The circuit connection of a meter-in circuit is shown in the figure.
 Meter-In circuit diagram
In the meter-in circuit, the flow control valve is placed in the primary line, directly before the load.
The following pressure measures are taken at three different points
Pressure Gauge P1: It indicates the Place set by the pressure relief valve. This pressure is the input pressure to the throttle valve.
Pressure Gauge P2: It indicates the load pressure P2, which varies between 0 to Pmax, depending upon the load status.
Pressure Gauge P3: It indicates the cylinder output pressure P3=0.
In a meter-in circuit, speed control is achieved by changing the flow adjustment of the flow control valve, which controls the oil going to the head end of the cylinder.
It should be noted that the flow control in the given circuit is achieved in the forward direction only i.e. in return stroke the return flow from the head of the cylinder bypasses through the check valve.

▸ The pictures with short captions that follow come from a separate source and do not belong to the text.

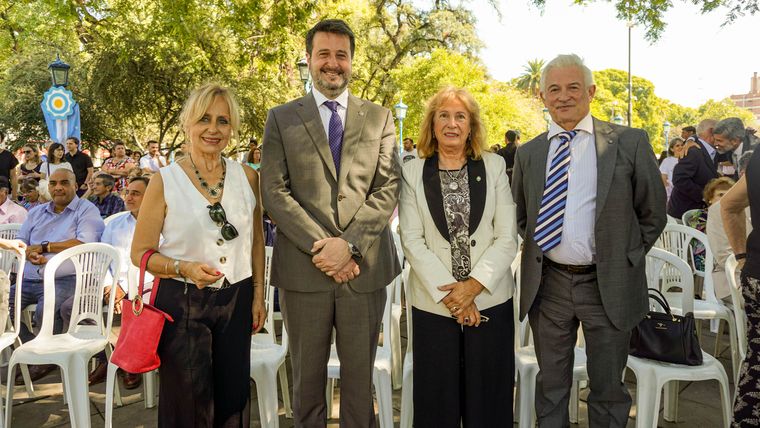 Stella Maris Laborde (reina nacional de la Vendimia 1974), José María Videla Sáenz, Esther Sánchez (rectora de la UNCuyo) y el el cónsul español Ramón Blecua Casas. Stella Maris Laborde (reina nacional de la Vendimia 1974), José María Videla Sáenz, Esther Sánchez (rectora de la UNCuyo) y el el cónsul español Ramón Blecua Casas.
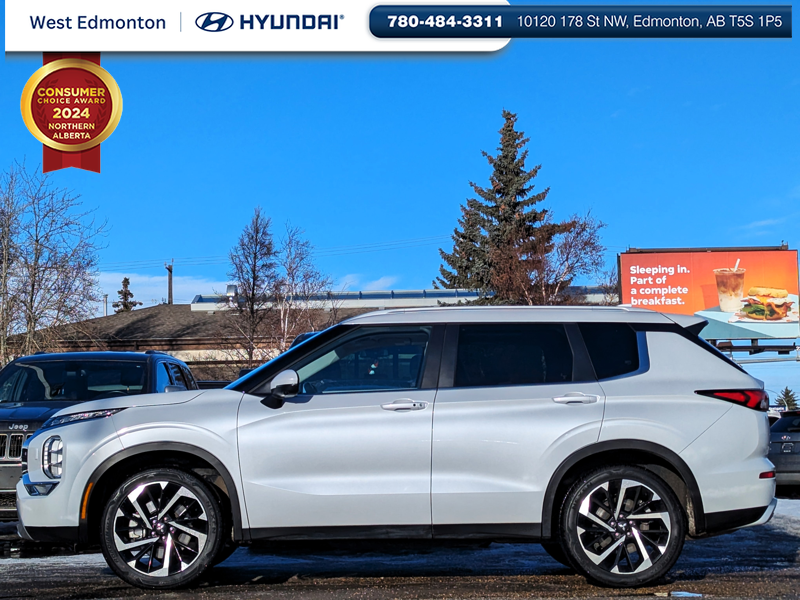 2023 Mitsubishi Outlander in Edmonton, Alberta - 2 - w1024h768px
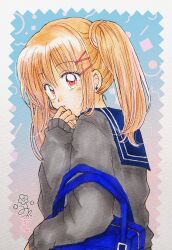  1girl absurdres bag blonde_hair blue_bag blue_sailor_collar commentary earrings from_side fukatsuki_mizuki grey_sweater hair_ornament hand_up heart heart_earrings highres jewelry long_sleeves looking_at_viewer looking_to_the_side medium_hair original parted_lips red_eyes ring sailor_collar sidelocks signature sleeves_past_wrists solo stud_earrings sweater traditional_media turning_head twintails upper_body 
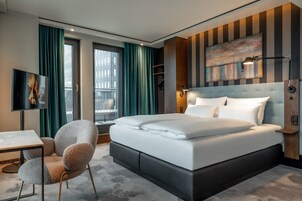 In-room safe, desk, free WiFi, bed sheets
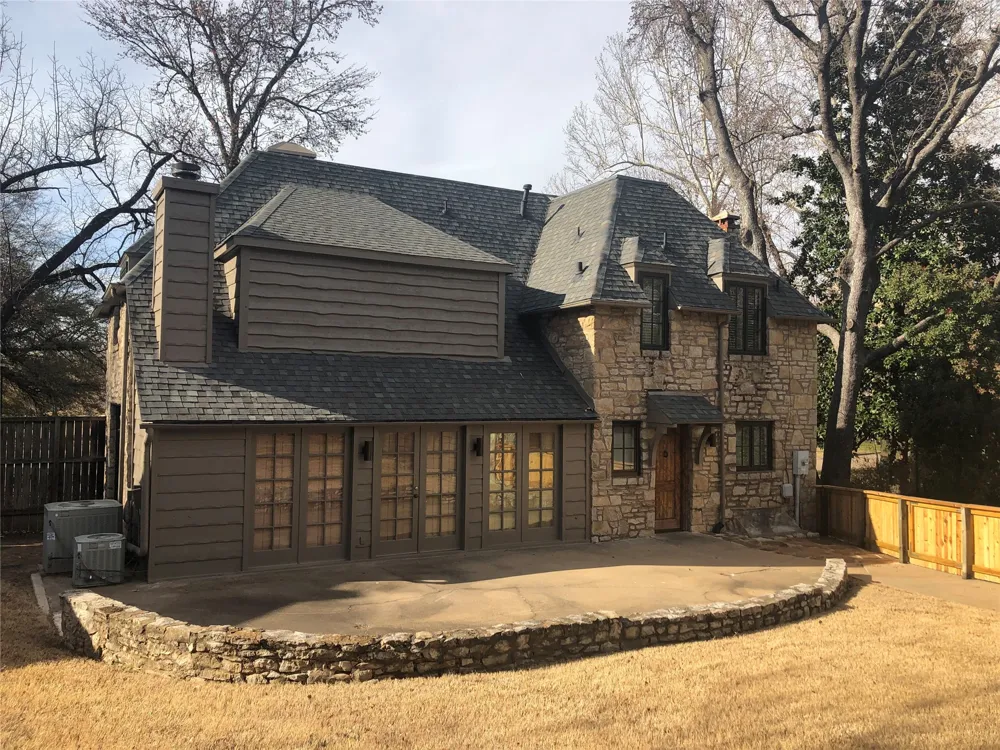 3125 S Zunis Avenue Tulsa, OK 74105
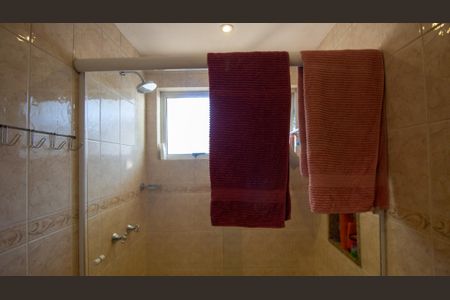 Casa à venda com 140m², 3 quartos e 1 vagaBanheiro da Suíte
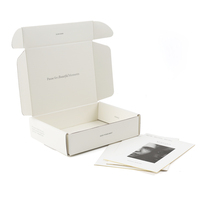 Boîtes d'expédition de vêtements chapeau personnalisé ondulé blanc avec carte de remerciement pour les petites entreprises vente en gros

• The main advantage of the meter-in circuit is that the cylinder undertakes one side pressure with a valve corresponding to the real load.
• The relatively small friction due to pressure on one side, decided by the load of the piston sealing ensures it's long life.
• The uniform motion of the piston rod even at a very slow speed.
• Flow rate estimation is made based on the large piston area, which is a significant advantage when very small piston-rod speeds are to be achieved.

The major disadvantage of the meter-in circuit lies in the fact that there is no pressure on the piston rod side of the cylinder, due to this the load actuated by the piston rod is not held firmly in position. This means that in case of "Pulling" type loads if the load suddenly collapses, the piston rod shoots forwards causing the uncontrolled shift. Special counter balance measures are to be taken if the above circuit is to be used for such applications.

## Applications of meter-in circuit

Meter-in circuits are generally used when the load characteristics are constant and positive. If the load is erratic or negative, the actuator will have jerky motion. Hence, meter-in circuits are ideally applied on a surface grinder, milling machines, etc.